I get up in the morning, on school days this is at 6, on not school days it is at 8. On school days, I just make sure everyone is okay. Sometimes I will pick them up but mostly I just pet them to make sure they react. Getting huffed at in the morning is my usual routine. On not school days, I will get them out and give them a good once over, any poop boots and its into the tub for a foot bath. Then they are out with me for about an hour or so until they dry. On footbath days, sometimes I don't get them out later at night, if I have time I do though. If no one needs a footbath, then around 6 I start getting them out, one by one. I get Penny out first since she is my least upset at being woken up and it's in my lap with a cuddle bag for her. If they are getting bugs or mice that evening, I'll feed them then too. I take out my Rose last because she needs to poop or pee in her play pen otherwise she will go on me. Because I have to keep her up for her to use the bathroom, she normally comes out around 9, 15 minutes in the playpen then 45 minutes with me. Then it's bedtime and lights off. 
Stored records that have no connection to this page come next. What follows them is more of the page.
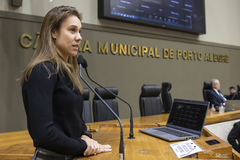 Reunião Conjunta das Comissões. Na tribuna vereadora Mari Pimentel.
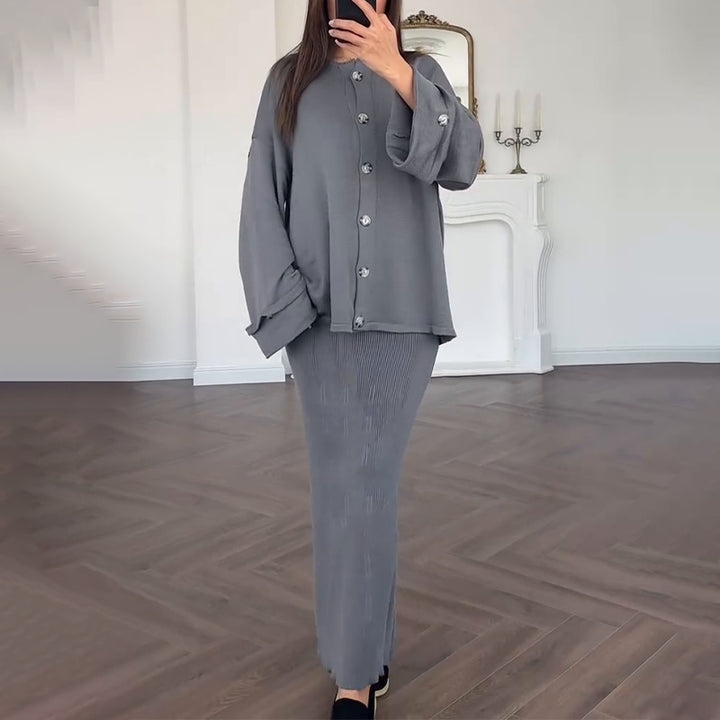 Women's knit set with elegant blazer and sleeveless maxivers dress Lune London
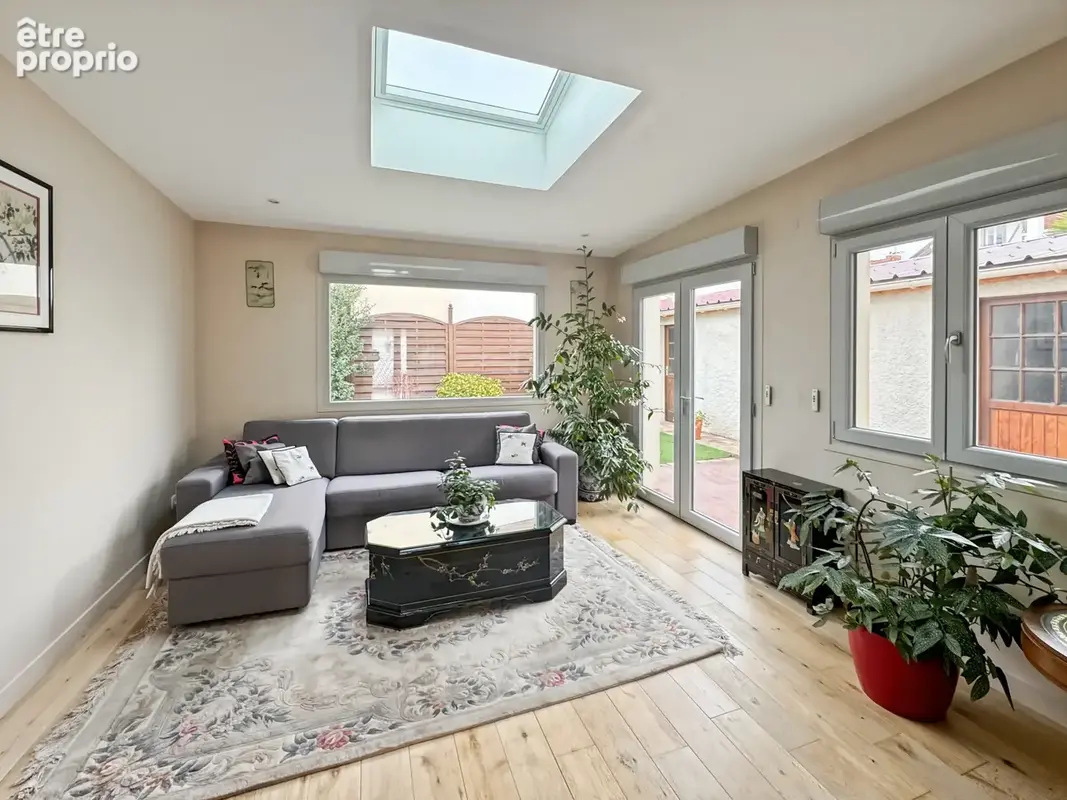COURBEVOIE 92, Rue Hoche - Maison familiale avec jardins de 111m2 habitables + plus de 52m2 d'annexes (garage - photo 10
Weekends are bath days if they need them and I let Rose swim every Sunday since she refuses to wheel and is over weight. I get her out during the day for this as well and let her swim, normally it's about five minutes or so before she gets stressed then again it's cuddle time for about an hour until she is dry. 

The point is make it for you. I school and work. I make their schedule around mine. I try to stick with the same night time routine if I can. Mornings can be a little more varied for us. Some hedgehogs really need a daily schedule, same time everyday. All of mine seem to fine as long as I let them sleep on me. Which is my favorite part.


----------



## Swah (Dec 3, 2014)

Thanks so much to everyone! I'm learning a lot the past few days. I only work 3 days a week as i am in the restaurant business and i do contracted parties every weekend usually from 10-11 am till 12 or 1am at the very latest. I'm going to try to keep the lights on and let her sleep from 8-9am till about the time i get back hopefully tht will be ok for her =). Coincidentally my Hedgehog's name is Rosabelle ! (rosey or rose for short)


----------



## DesireeM81 (Jun 14, 2014)

I would be worried about the lights being on for long. Between 14 hours to 12 hours is a good time. If you are leaving the lights on till midnight or later, then the sun comes up around 6 (at least where I am from) she doesn't get very much dark time.


----------